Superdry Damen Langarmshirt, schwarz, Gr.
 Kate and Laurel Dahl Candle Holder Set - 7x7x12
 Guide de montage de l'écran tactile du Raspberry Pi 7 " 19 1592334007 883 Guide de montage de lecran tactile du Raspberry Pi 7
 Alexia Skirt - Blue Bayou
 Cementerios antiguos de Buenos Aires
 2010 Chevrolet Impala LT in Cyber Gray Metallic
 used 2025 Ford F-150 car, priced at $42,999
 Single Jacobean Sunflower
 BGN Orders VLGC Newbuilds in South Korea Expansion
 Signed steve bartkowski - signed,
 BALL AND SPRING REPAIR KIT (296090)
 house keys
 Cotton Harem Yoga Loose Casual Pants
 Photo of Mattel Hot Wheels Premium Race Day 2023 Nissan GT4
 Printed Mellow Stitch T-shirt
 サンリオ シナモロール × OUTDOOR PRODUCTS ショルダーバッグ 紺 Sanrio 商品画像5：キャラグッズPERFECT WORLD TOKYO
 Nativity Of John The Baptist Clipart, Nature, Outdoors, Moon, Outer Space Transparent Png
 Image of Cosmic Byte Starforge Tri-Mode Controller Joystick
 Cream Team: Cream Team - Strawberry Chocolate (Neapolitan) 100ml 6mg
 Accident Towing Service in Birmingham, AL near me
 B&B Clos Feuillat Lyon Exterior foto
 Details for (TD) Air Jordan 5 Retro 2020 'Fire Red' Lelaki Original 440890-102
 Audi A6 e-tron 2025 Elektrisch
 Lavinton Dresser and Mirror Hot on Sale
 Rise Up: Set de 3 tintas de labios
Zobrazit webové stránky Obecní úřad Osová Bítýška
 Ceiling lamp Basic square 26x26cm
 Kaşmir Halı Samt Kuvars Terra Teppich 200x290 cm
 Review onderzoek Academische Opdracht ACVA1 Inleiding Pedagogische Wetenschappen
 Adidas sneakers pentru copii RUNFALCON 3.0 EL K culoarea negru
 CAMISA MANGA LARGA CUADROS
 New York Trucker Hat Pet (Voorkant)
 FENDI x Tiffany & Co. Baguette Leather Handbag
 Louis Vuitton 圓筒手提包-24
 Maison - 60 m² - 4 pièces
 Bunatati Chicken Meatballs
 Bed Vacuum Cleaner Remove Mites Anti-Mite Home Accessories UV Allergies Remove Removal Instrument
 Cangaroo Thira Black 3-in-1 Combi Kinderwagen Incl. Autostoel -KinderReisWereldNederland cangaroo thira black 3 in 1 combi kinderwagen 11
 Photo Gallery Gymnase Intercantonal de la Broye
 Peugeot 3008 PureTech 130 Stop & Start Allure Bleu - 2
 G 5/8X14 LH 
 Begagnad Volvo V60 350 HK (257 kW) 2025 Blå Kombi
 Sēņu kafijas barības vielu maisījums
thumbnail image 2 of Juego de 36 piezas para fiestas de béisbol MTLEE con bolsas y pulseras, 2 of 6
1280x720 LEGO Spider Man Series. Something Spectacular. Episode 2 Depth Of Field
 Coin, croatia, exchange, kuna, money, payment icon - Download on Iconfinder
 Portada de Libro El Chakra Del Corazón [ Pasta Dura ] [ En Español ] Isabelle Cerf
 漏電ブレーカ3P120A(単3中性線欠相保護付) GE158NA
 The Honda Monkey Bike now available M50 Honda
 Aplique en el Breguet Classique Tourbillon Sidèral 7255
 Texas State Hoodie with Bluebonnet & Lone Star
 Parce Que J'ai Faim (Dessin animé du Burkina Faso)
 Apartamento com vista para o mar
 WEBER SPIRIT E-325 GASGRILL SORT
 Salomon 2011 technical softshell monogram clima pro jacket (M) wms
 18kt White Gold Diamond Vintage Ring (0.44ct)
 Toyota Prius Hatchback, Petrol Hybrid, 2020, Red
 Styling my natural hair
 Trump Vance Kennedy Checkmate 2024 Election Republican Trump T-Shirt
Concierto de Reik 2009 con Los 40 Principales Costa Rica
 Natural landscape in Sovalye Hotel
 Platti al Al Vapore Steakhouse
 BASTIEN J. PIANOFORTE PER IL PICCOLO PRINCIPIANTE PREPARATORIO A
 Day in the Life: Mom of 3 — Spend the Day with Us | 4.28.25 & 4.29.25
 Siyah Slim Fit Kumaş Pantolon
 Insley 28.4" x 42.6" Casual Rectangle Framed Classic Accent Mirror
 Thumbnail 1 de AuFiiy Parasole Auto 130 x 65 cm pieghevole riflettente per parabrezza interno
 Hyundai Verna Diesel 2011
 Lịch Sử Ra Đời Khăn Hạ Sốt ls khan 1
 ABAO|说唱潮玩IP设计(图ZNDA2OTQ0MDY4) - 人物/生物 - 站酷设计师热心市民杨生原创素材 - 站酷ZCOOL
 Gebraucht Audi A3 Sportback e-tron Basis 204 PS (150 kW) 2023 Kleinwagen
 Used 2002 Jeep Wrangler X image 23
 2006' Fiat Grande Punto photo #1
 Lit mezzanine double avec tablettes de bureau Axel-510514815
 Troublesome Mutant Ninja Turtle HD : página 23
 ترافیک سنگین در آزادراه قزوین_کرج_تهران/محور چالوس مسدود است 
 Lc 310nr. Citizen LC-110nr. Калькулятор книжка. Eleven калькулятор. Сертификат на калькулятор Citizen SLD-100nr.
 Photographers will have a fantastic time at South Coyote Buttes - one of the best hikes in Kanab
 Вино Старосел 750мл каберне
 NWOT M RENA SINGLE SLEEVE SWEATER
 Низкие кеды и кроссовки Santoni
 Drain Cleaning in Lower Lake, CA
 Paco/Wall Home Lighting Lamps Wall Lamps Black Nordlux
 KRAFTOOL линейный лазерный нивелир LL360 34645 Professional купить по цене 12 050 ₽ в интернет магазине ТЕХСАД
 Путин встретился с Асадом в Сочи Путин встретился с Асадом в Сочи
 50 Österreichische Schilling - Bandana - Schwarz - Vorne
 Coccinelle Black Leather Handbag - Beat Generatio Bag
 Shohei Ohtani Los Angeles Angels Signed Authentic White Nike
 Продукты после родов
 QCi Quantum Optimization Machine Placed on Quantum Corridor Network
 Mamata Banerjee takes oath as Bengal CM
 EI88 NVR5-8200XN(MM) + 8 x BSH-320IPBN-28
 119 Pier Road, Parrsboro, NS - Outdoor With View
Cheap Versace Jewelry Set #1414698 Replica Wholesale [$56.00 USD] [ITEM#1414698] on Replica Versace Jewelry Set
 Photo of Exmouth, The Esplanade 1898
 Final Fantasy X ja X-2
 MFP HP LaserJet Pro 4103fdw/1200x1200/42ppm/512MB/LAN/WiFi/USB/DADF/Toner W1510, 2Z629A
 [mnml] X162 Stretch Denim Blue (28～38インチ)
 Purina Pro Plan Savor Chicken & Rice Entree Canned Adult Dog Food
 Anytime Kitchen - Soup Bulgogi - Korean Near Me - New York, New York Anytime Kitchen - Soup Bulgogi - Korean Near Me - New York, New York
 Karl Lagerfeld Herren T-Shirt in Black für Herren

========================================================================

(Exercise description):
In the entries, some lines may contain the word "Handbag". Give how many do, as a number by itself.

(Problem solution):
2